In evaluating the reasonableness of a retroactive statute, the court weighs three factors: (1) the nature of the public interest which explicitly or may have motivated the Legislature to enact the retroactive statute; (2) the nature of the rights affected retroactively and the reasonableness of any reliance expectations on those rights; and (3) the extent or scope of the statutory effect or impact, including whether the statute is appropriate and narrowly tailored.
Id. As to the first factor, the court finds Section 113 serves the public interest by addressing “the devastating financial impact” of these Wage Act claims to Massachusetts institutions of higher education.

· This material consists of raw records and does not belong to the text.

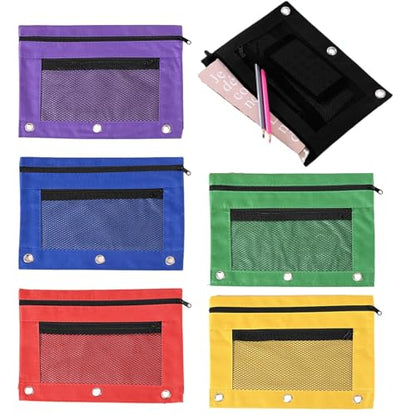 Kakalote Pencil Pouch for 3 Ring Binder, 6 pcs Binder Pencil Pouch, Zippered Double Pocket Pencil Pouch, with Clear Window and 3 Reinforced Grommets, 6 colors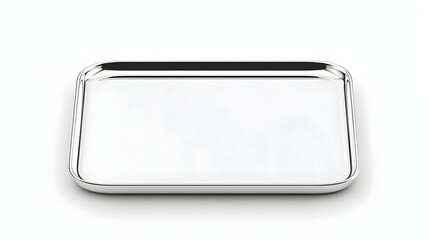 Polished stainless steel tray with slightly raised edges, ideal for serving or display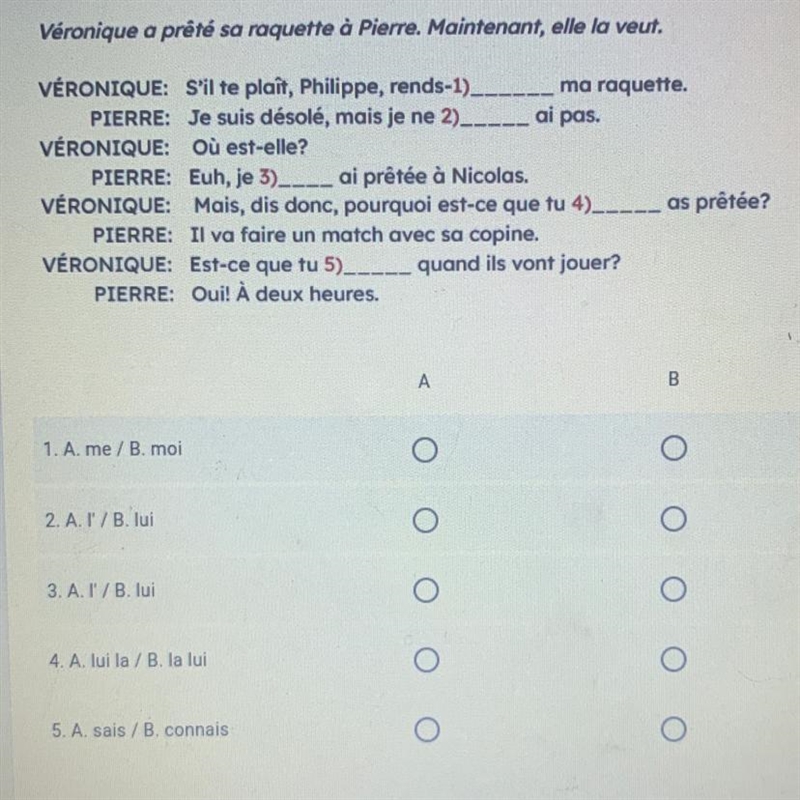 Complete the dialogues by selecting the appropriate words or expressions and writing-example-1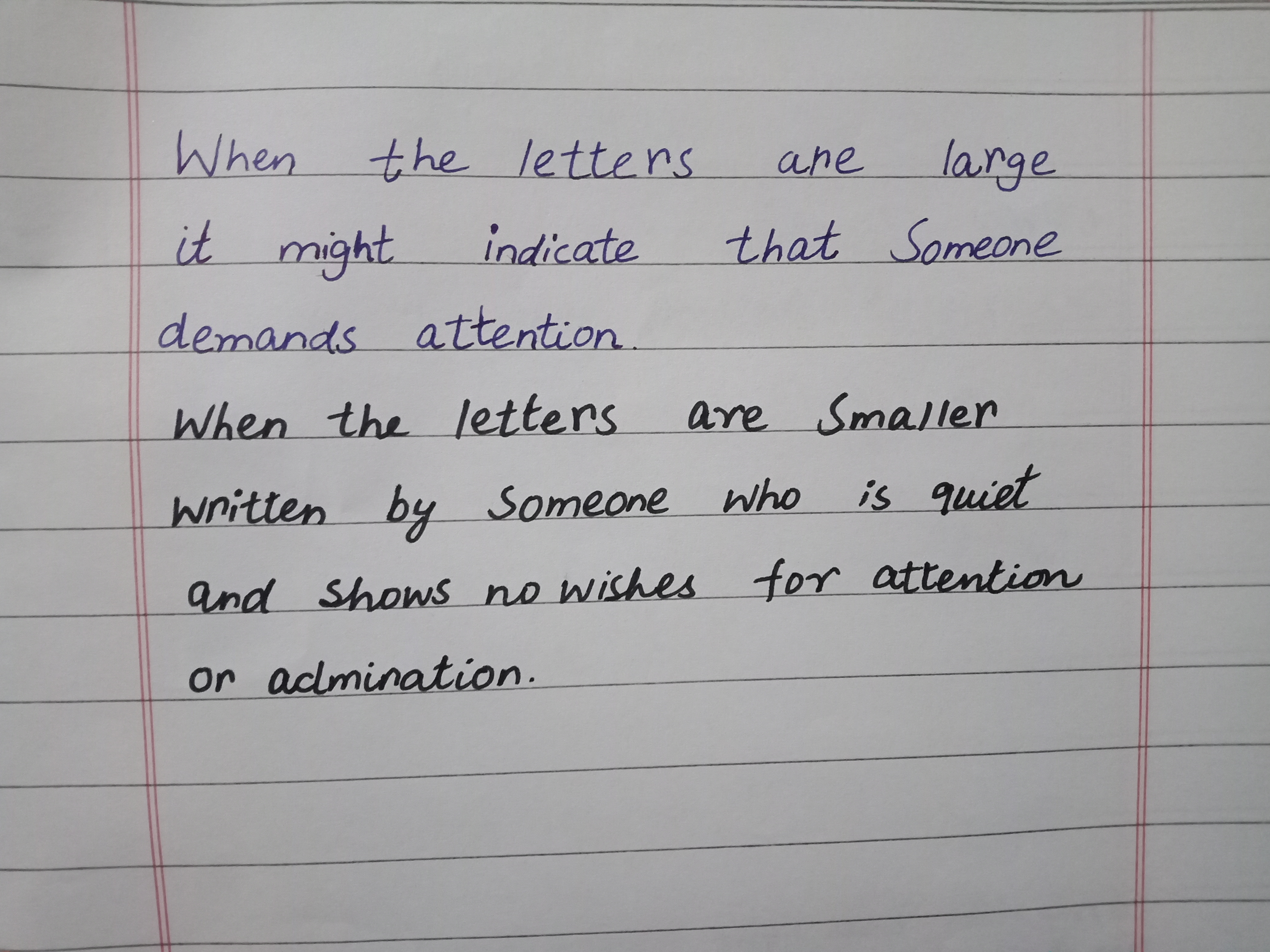 Graphology letter size and proportion meanings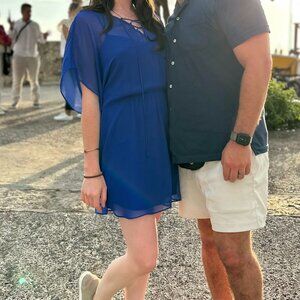 Blue Sheer Dress with "Cape" Sides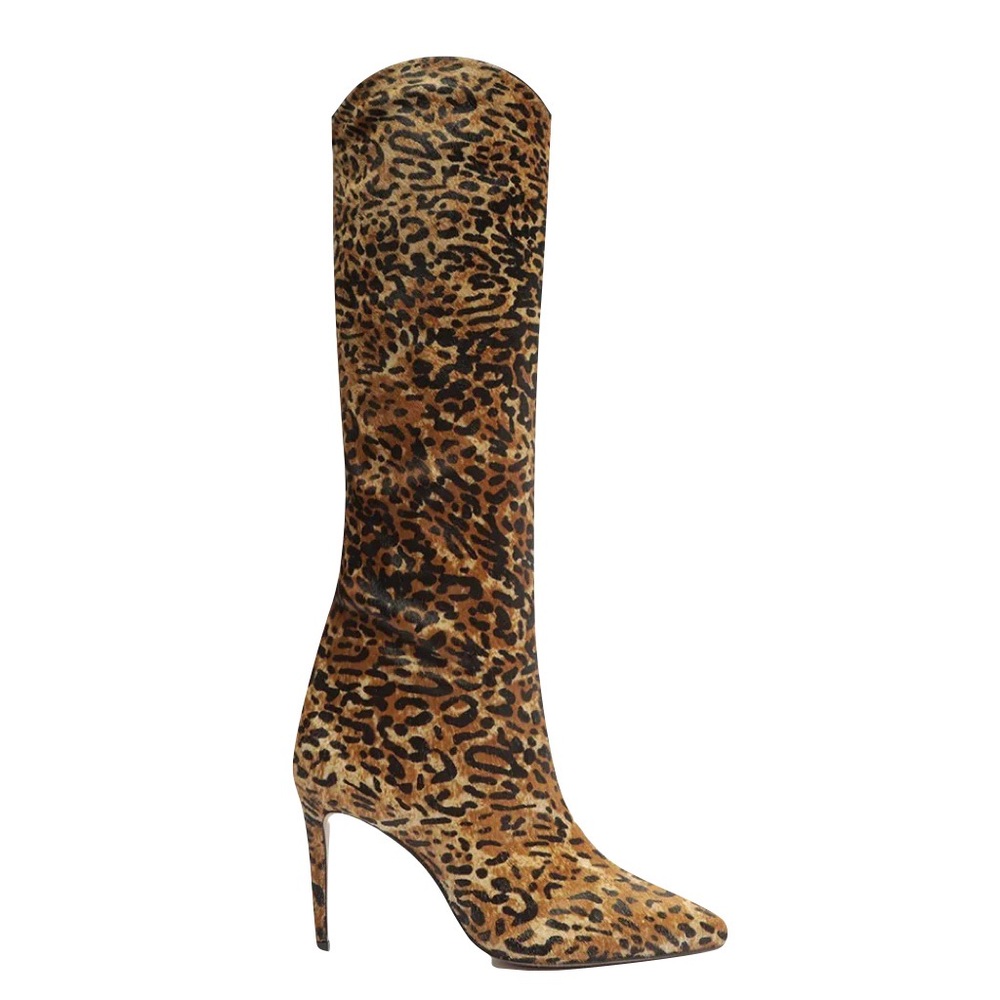 Schutz Maryana Leopard Print Calf Hair Knee High Leather Boot Size 5.5 - Picture 4 of 13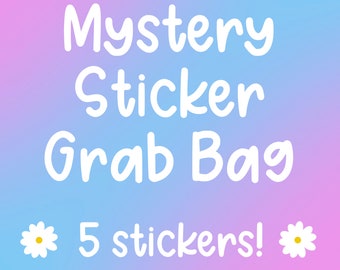 Mystery Sticker 5-Pack | Vinyl Waterproof Stickers | Surprise Stickers | Sticker Grab Bag | Cute Mystery Sticker Grab Bag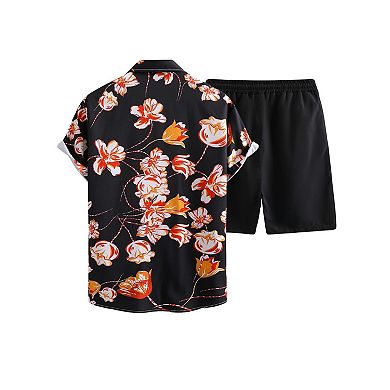 Men's 2 Pcs Short Sleeve Button Down Shirt Shorts Set Casual Summer Wear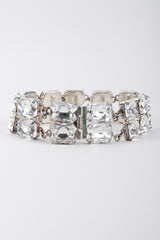 Vintage Rena Lange Beveled Crystal Choker Silver Collar Box Clasp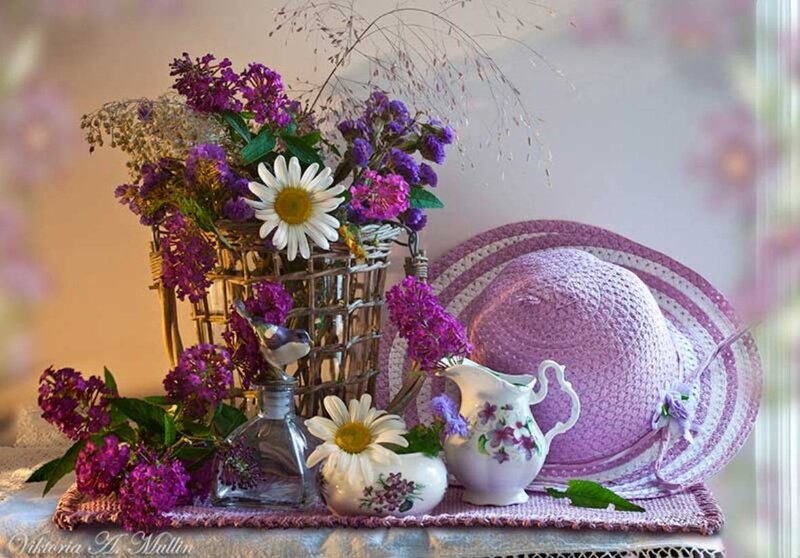 Purple Flowers and Hat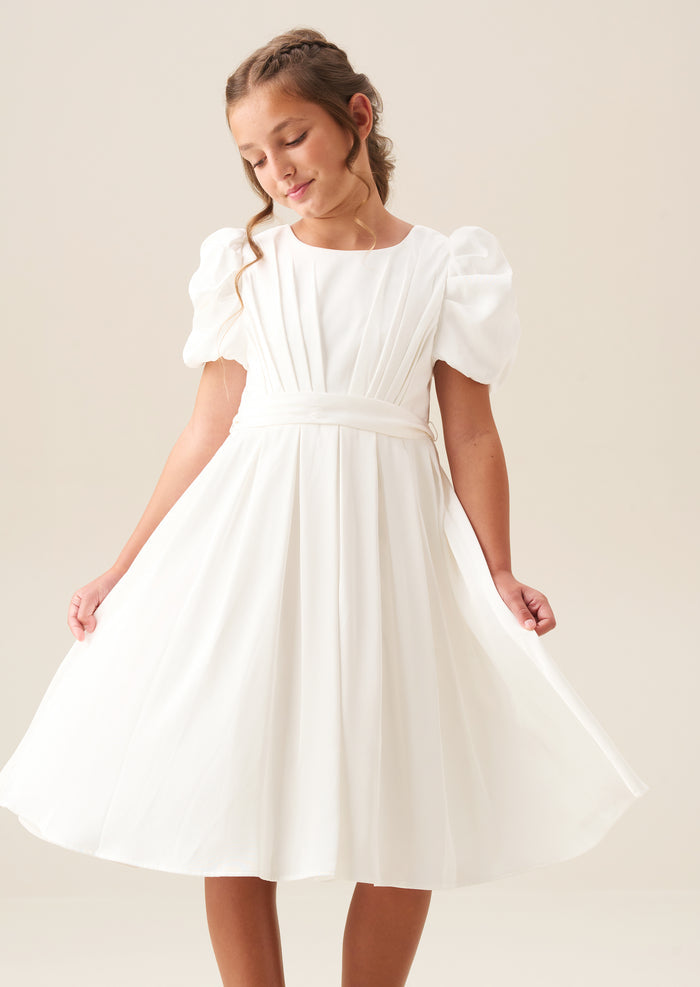 Portia Ivory Pleated Bodice Dress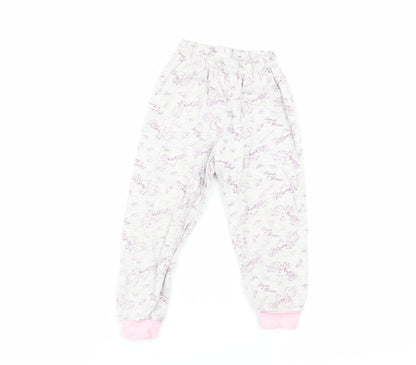 Preworn Girls Grey Floral  Babydoll Pyjama Pants Size 18-24 Months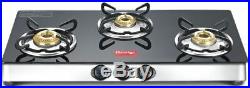 Prestige Marvel 3 Burner Cooktop Glass Top Range Black Gas Stove Manual Ignition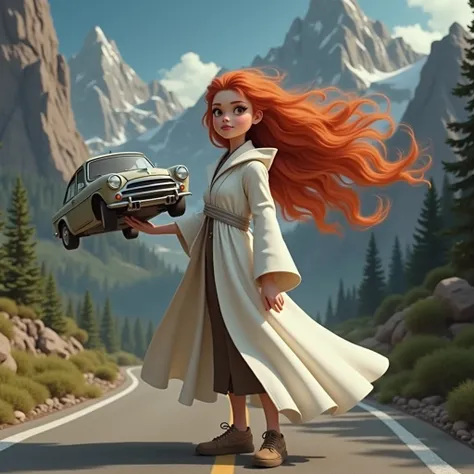 Background mountain road,Red long hair,White robe,girl,Exaggerated expression,Holding a car in one hand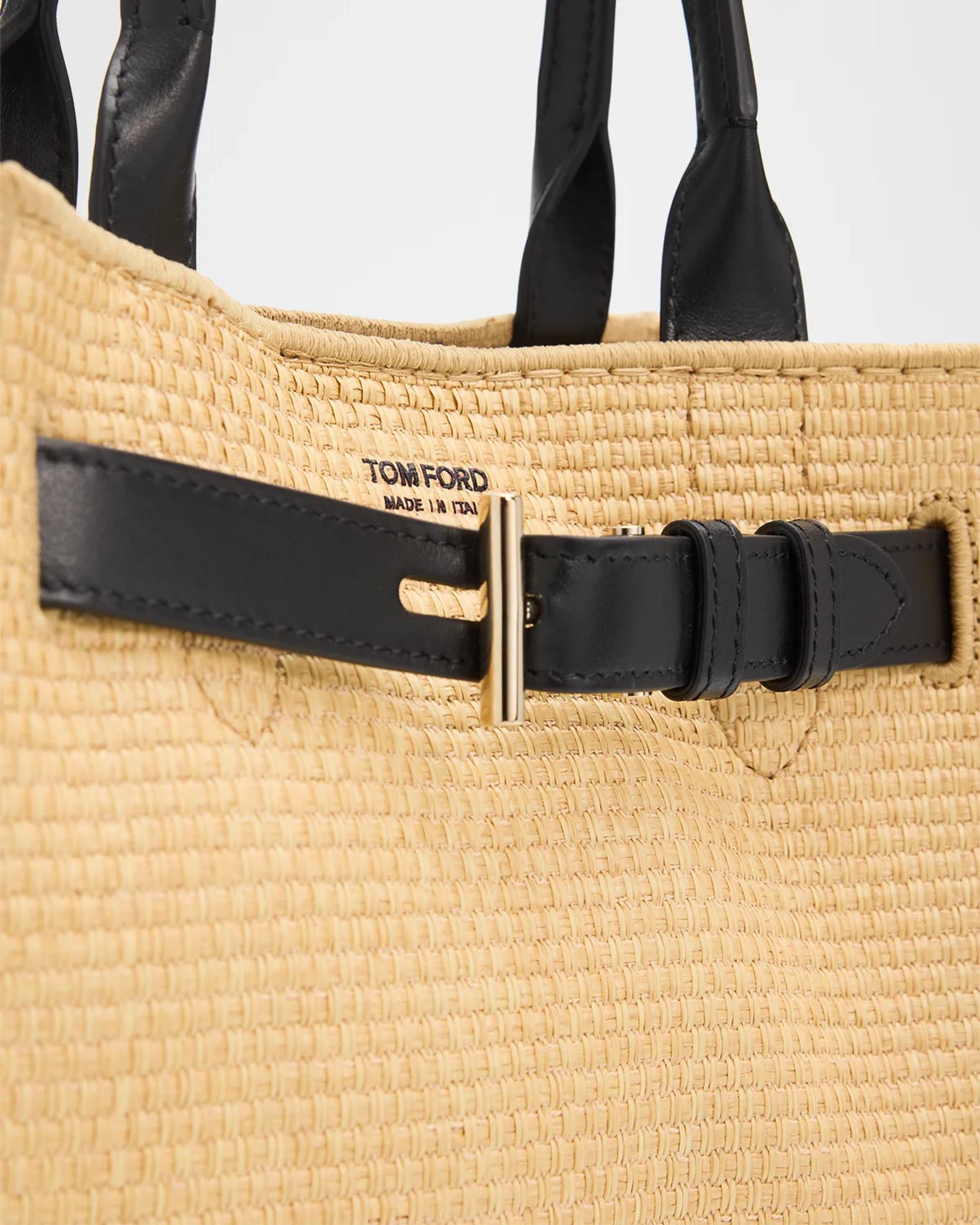 TOM FORD Audrey Small Raffia Top-Handle Bag | Neiman Marcus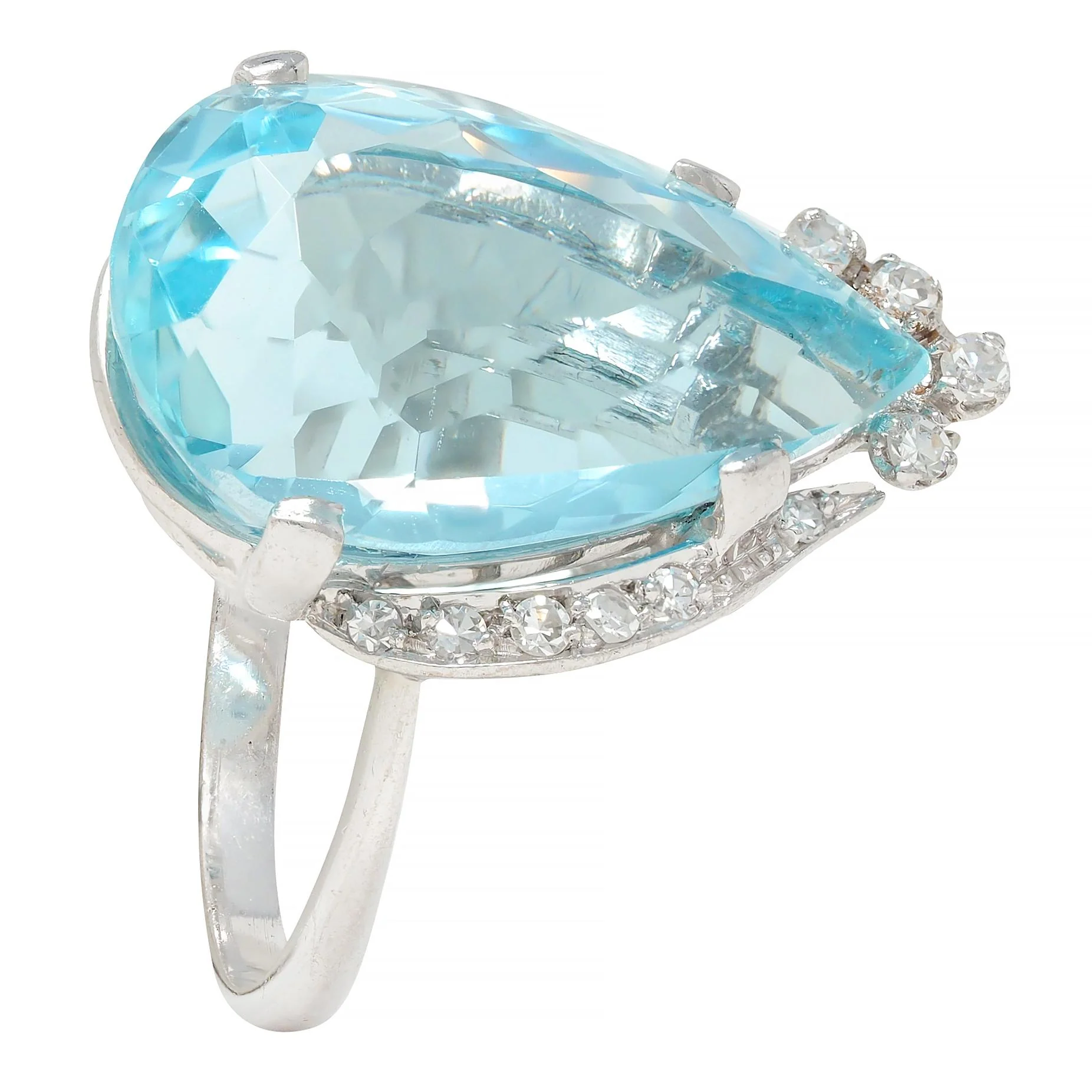 Mid-Century 12.00 CTW Pear Cut Aquamarine Diamond 18 Karat White Gold Vintage Cocktail Ring - Image 10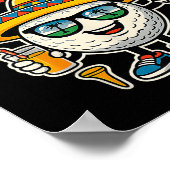 Laat Ons Feest Cinco De Mayo Golfbal Sombrero Golf Poster (Hoek)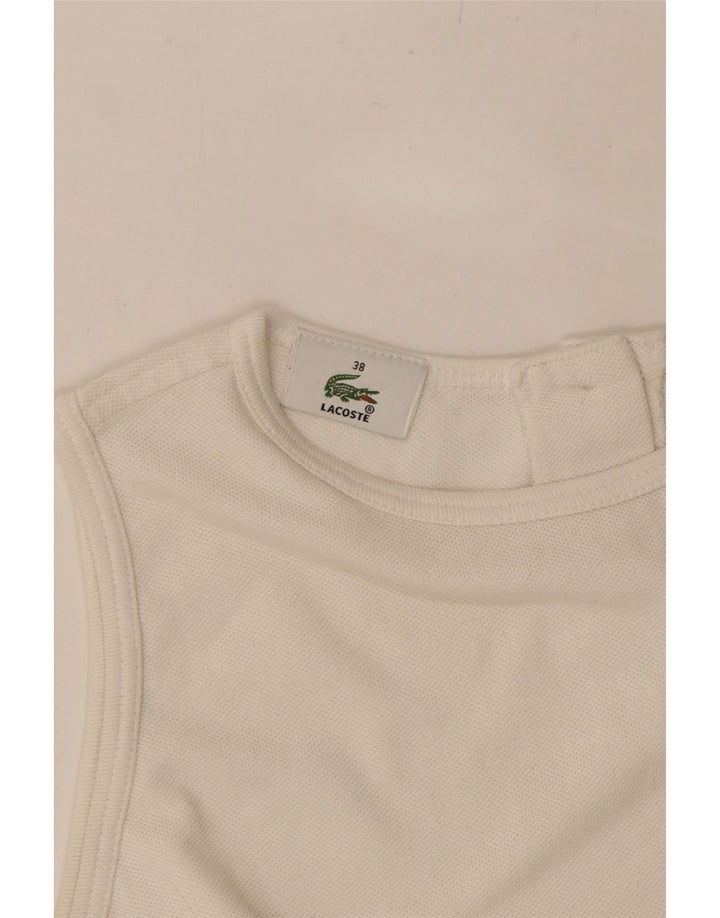 LACOSTE Womens Crop Vest Top Size 38 Medium White Cotton Vintage Lacoste and Second-Hand Lacoste from Messina Hembry 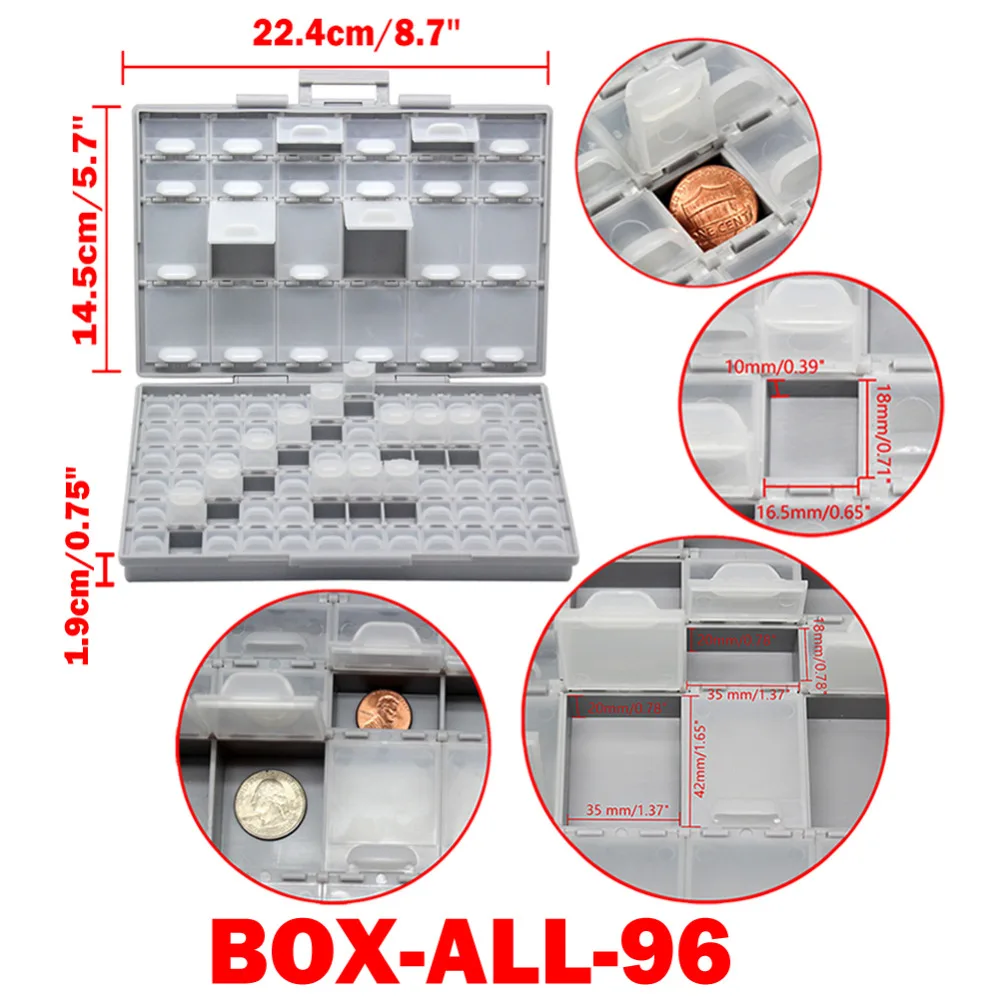 AideTek resistor capacitor Organizer Craft Beads Storage box kit enclosure SMD SMT parts organizer surface mount toolboxBOXALL96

See Higher Educ. Hearing at 3:14-23. McCarron, President of the Association of Independent Colleges and Universities in Massachusetts, testified before the Joint Committee on Labor and Workforce about the bill, which would become Section 113. He referenced this lawsuit and others like it: [The lawsuits] place[] hundreds of millions of dollars and even billions of dollars at issue. It is very important to note that all of the employees of the institutions that have been targeted by these class action lawsuits received their full pay and on a regularly scheduled basis. There are no allegations that any employee was paid less than what they were owed, and there are no allegations that any employee was paid later than the established pay structure. Again, the intent of the Mass Wage Act is to go after those unscrupulous employers and there is no allegation of any of that in these cases. And the financial harm to the institutions is entirely disproportionate to the damages suffered by the affected employees, and the resulting harm to the institutions would dramatically affect their ability to serve students and employees.
Higher Educ. Hearing at 4:2-20. At the conclusion of McCarron’s testimony, Representative McCurty stated: Look, we and the legislature, we try to do the best we can but we don’t get it right all the time and occasionally there’s an unintended consequence. One of the beauties of the work that we do is have an opportunity to go back and, you know, address these matters. So, its really important that you are here.
Id. at 6:12-18. The “Legislature is well aware that Massachusetts is home to a number of colleges and universities, and they are vital to the state’s economy.” Dutra, 96 F.4th at 22. Private, nonprofit colleges in the Commonwealth “educate 290,000 students and employ nearly 100,000 people . . . and represent a $71 billion impact for the state each year.” See Higher Educ. Hearing at 2:14-17. And “[e]ven if the statute disproportionately benefits private actors, that does not mean it was enacted contrary to public interest.” Rodrigues v. Coll., 710 F. Supp. 3d 95, 100 (D. Mass. 2024).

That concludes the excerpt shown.